I'm a PBM on red and I painted all my silver trim PBM and cleared. I looks so much better then the ugly silver.


----------



## FastFrank (Jun 12, 2009)

I say do it. I wish they would have come that way from the factory. Yellow jacket is my favorite color for the GTO, and it should have been produced with a color matched interior.


----------



## Aramz06 (Mar 2, 2008)

I think black looks better on yellow, it creates lots of contrast and brightens up the yellow.
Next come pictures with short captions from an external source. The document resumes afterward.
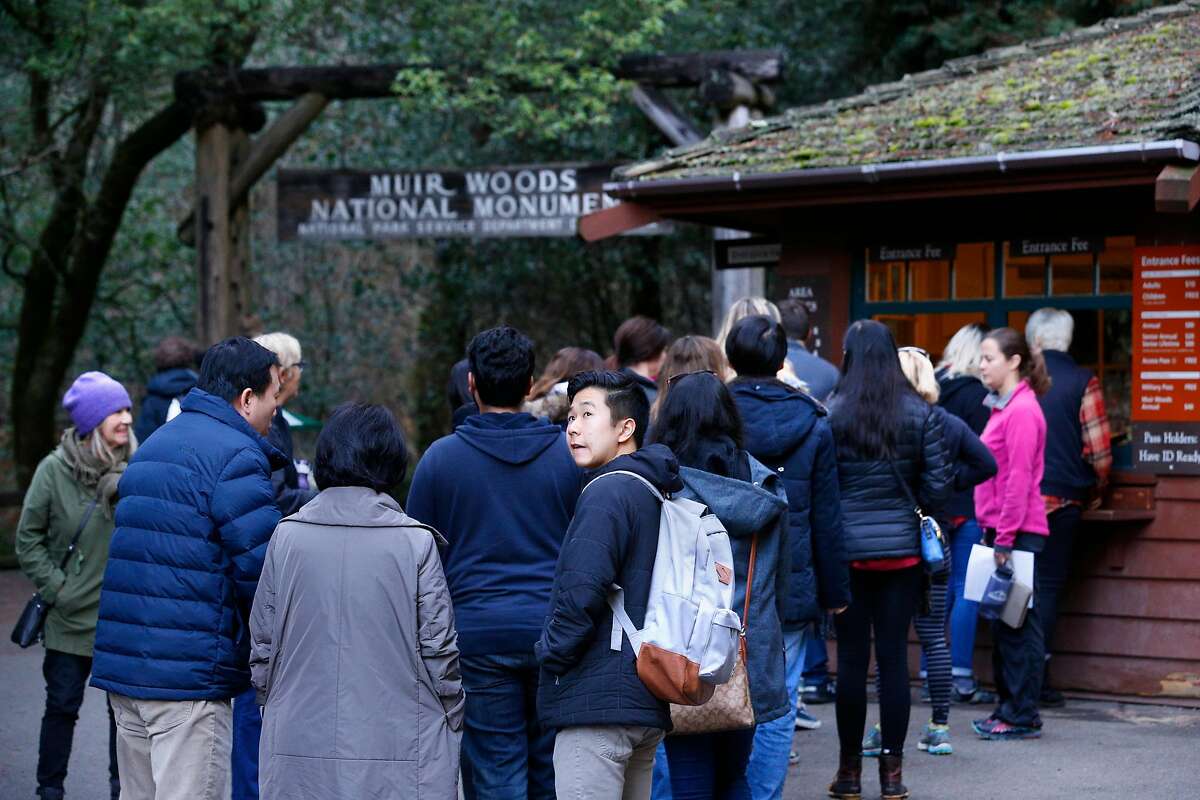 Visitors will pay to park at Muir Woods starting Tuesday, when the National Park Service begins requiring reservations at lots and on shuttle buses.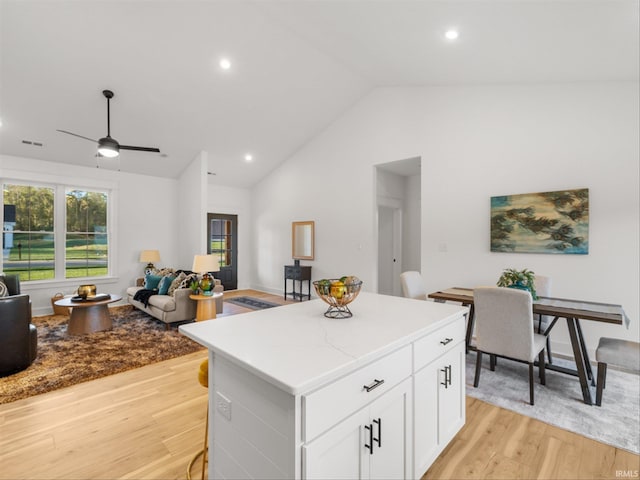 kitchen featuring white cabinetry, light hardwood / wood-style floors, ceiling fan, vaulted ceiling, and a center island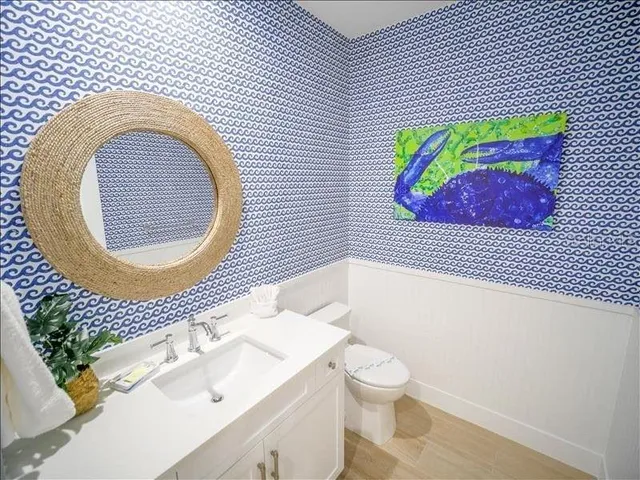 a bathroom with a toilet and a sink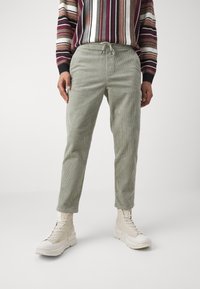 Light green corduroy pants with a drawstring waist, tapered legs, and horizontal ribbed texture, paired with light-colored boots and a striped sweater.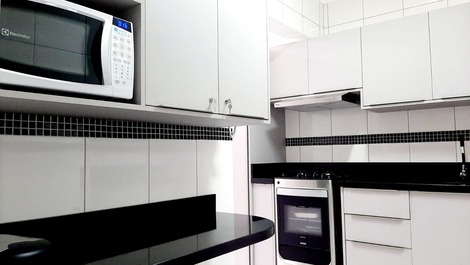 Cozinha totalmente planejada com bancada de apoio para refeições rápidas 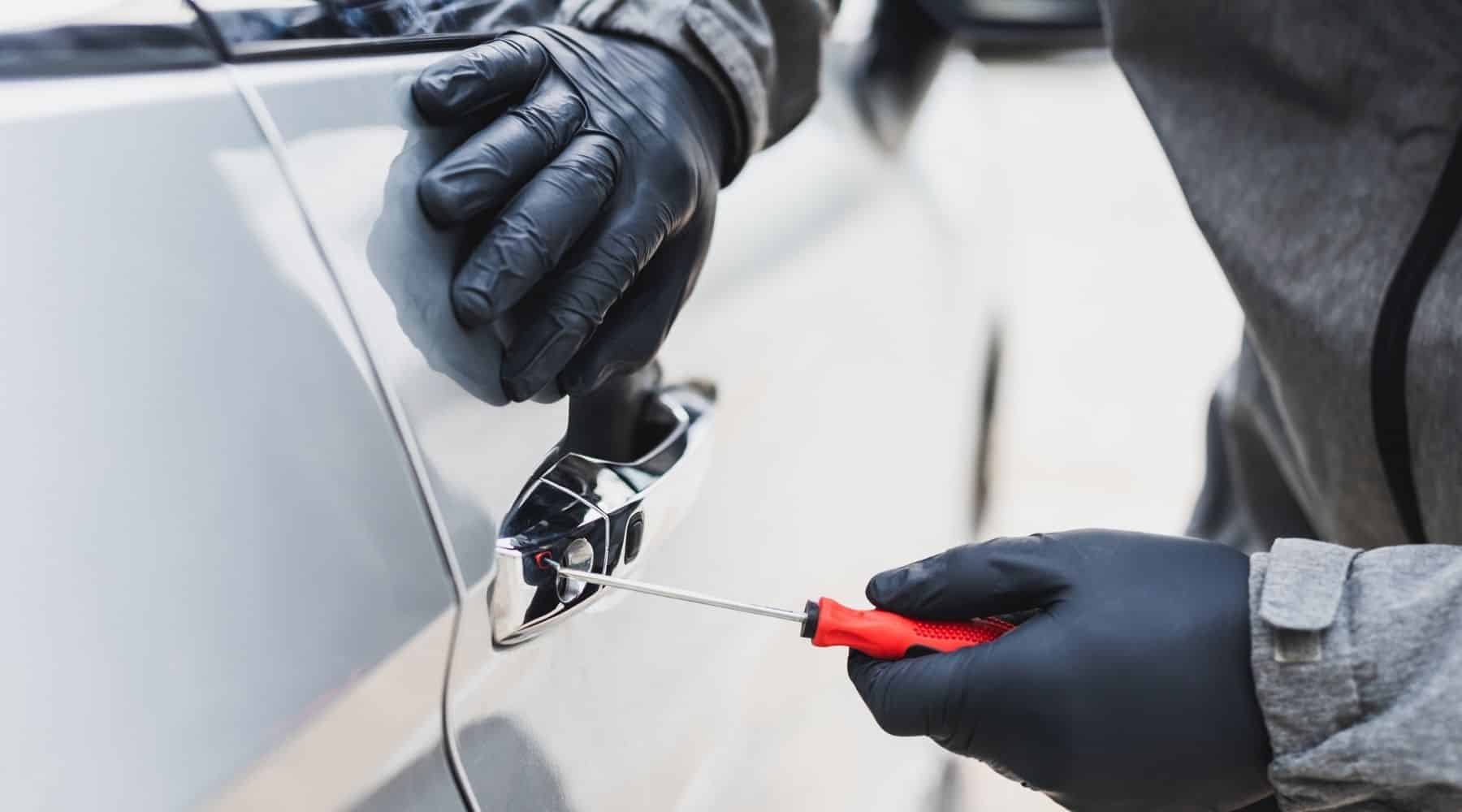 A person using a screwdriver to break into a car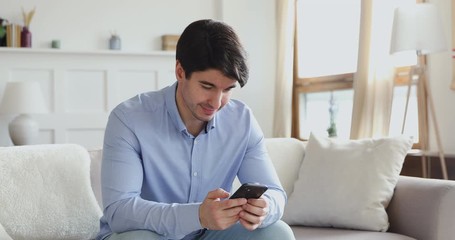 Wall Mural - Smiling millennial man using smart phone sitting on sofa in living room. Happy young male user texting sms message, playing game or chatting in internet social media dating mobile modern app at home.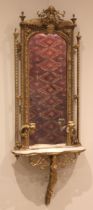 A Victorian giltwood and gesso wall mirror and shelf, the arched frame decorated with fern leaves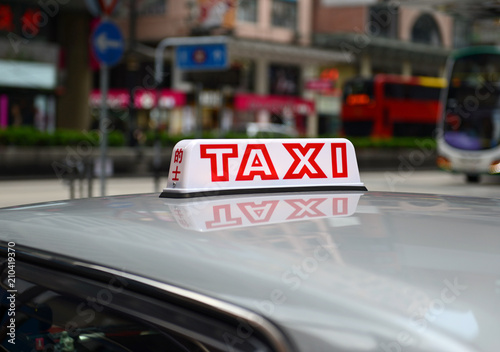 Taxi sign in Hong Kong in both English and Chinese
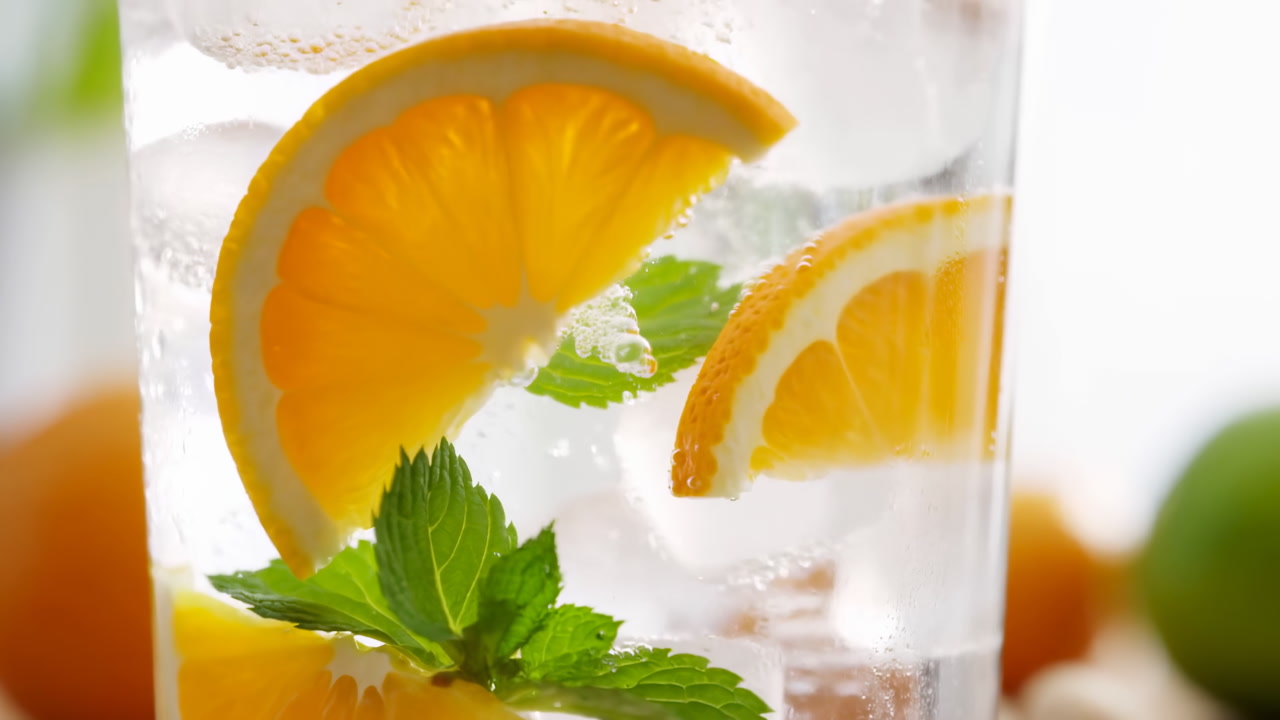 Close Up Glass With Orange Slices And Mint Leaves In Sparkling Water, Ice Cubes And Bubbles Rising,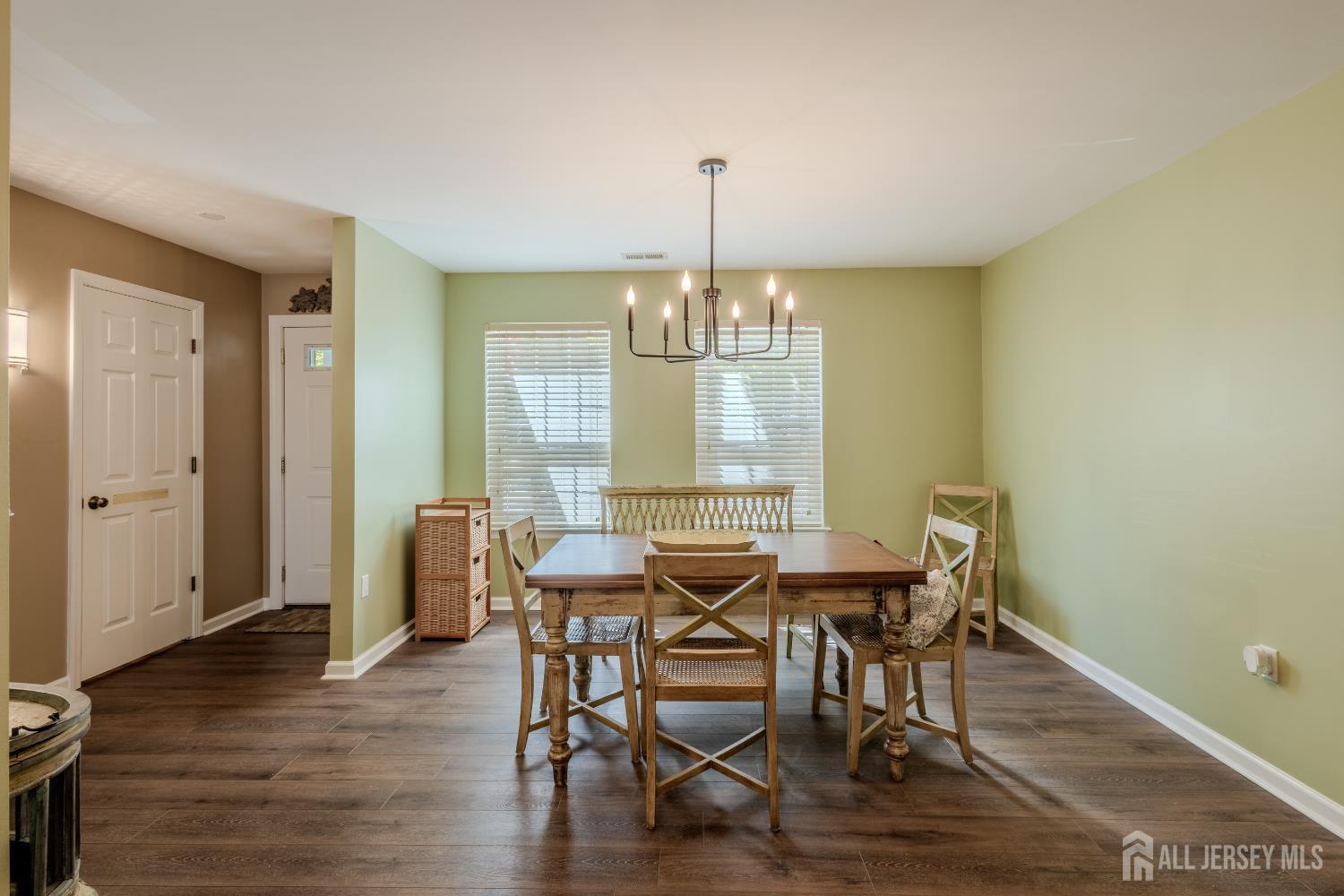 334 Constitution Circle North Brunswick, NJ 08902 - Photo 8 of 42 a view of a dining room with furniture window and wooden floor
Red might look a bit messy and out of place, just my opinion but if you do it I'd like to see how it turns out.


----------



## FastFrank (Jun 12, 2009)

Aramz06 said:


> I think black looks better on yellow, it creates lots of contrast and brightens up the yellow. Red might look a bit messy and out of place, just my opinion but if you do it I'd like to see how it turns out.


I agree that red wouldn't look right on a yellow jacket GTO. But he said he wants to replace the black suede with yellow suede, not red.


----------



## Northeast Rod Run (Oct 29, 2008)

here's a few of mine, just to give you an idea


----------



## gto_rider (Aug 10, 2009)

hey northeast where did you get the yellow suede? i'm considering doing the same.


----------



## GoaTlOver 6.0 (Jul 19, 2009)

Northeast Rod Run said:


> here's a few of mine, just to give you an idea


A GTO in Steeler's colores...perfect.:cheers


----------



## SSG-goat83 (Nov 13, 2009)

*I love that!!!!!!!!!!!!!!*



Northeast Rod Run said:


> here's a few of mine, just to give you an idea


I am looking to get color matched seats front and rear, mine is a 06 and it is all black with silver gto symbol. I dont have alot of time while i am here in iraq to find the seats does anyone have some advice so i can get my interior done. 

Thanks for the help to who ever responds
Much appreciation


----------